Zur heutigen Sachverständigenanhörung im Innenausschuss zum Gesetzentwurf der Bundesregierung zum "Zwangsheiratsbekämpfungsgesetz" erklären Josef Winkler, stellvertretender Fraktionsvorsitzender und Sprecher für Flüchtlingspolitik, und Memet Kilic, Sprecher für Migrations- und Integrationspolitik:
Schwarz-Gelb will eine fatale Unkultur des Misstrauens und der Verdächtigungen gegenüber Migrantinnen und Migranten in Gesetze gießen. Der Integration dient das nicht im Geringsten. Im Schnellverfahren will die Koalition massive Verschärfungen im Ausländerrecht durchdrücken, die sie uns auch noch als "Liberalisierung" verkaufen will. Insbesondere die FDP leidet offenbar unter Realitätsverlust.
Nach dem Gesetzentwurf der Bundesregierung soll die Aufenthaltserlaubnis nur für jeweils höchstens ein Jahr verlängert werden, bis die erfolgreiche Teilnahme an einem Integrationskurs nachgewiesen ist. Die Bundesregierung unterstellt damit, dass Eingewanderte kein Interesse am Erlernen der deutschen Sprache hätten und versucht sie so als Integrationsverweigerer zu stigmatisieren.
Schwarz-Gelb will weiterhin die Ehebestandszeit für ein eigenständiges Aufenthaltsrecht von ausländischen Ehegatten von zwei auf drei Jahre verlängern - angeblich, um Scheinehen besser aufdecken zu können. Dabei gibt es überhaupt keinen Nachweis dafür, dass die Dauer der Ehebestandszeit die Zahl der Scheinehen beeinflusst. Die Verlängerung der Mindestehebestandszeit trifft auch die Opfer von Zwangsverheiratungen. Das führt zu einer gravierenden Verschlechterung der Situation der Opfer.
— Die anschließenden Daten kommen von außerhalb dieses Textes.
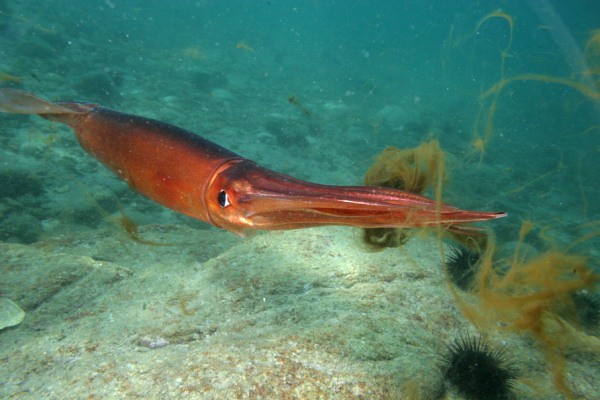 squid appearance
Schon heute bleiben viele misshandelte Migrantinnen aus Angst vor einer Abschiebung in einer ungewollten oder gar gewalttätigen Ehe. In Zukunft sollen sie noch ein Jahr länger in dieser Lebenssituation ausharren.
Zwar hat die Bundesregierung endlich eingesehen, dass Opfern von Zwangsehen, die gegen ihren Willen in das Ausland verschleppt und verheiratet wurden, ein Rückkehrrecht eingeräumt werden muss. Allerdings greifen die Vorschläge zu kurz. Die Bundesregierung knüpft die Rückkehrmöglichkeit nämlich an eine positive Integrationsprognose. So macht die Bundesregierung den Menschenrechtsschutz tatsächlich vom Portemonnaie und Bildungsgrad des Opfers abhängig.
Auf Vorschlag des Bundesrates ist eine "Bleiberechtsregelung" für gut integrierte Jugendliche und Heranwachsende vorgesehen. Das ist zwar ein kleiner Schritt in die richtige Richtung. Die Koalition will die Regelung jedoch zum Nachteil der Jugendlichen verschärfen: Eltern bleibeberechtigter Jugendlicher sollen nur dann eine Aufenthaltserlaubnis erhalten, wenn ihr Lebensunterhalt durch eigene Erwerbstätigkeit vollständig (statt: überwiegend) gesichert ist. Daran werden aufgrund der Arbeitsmarktsituation viele Betroffene scheitern.
Wir bleiben daher bei unserer Forderung nach einer wirksamen und stichtagsunabhängigen gesetzlichen Bleiberechtsregelung im Aufenthaltsgesetz.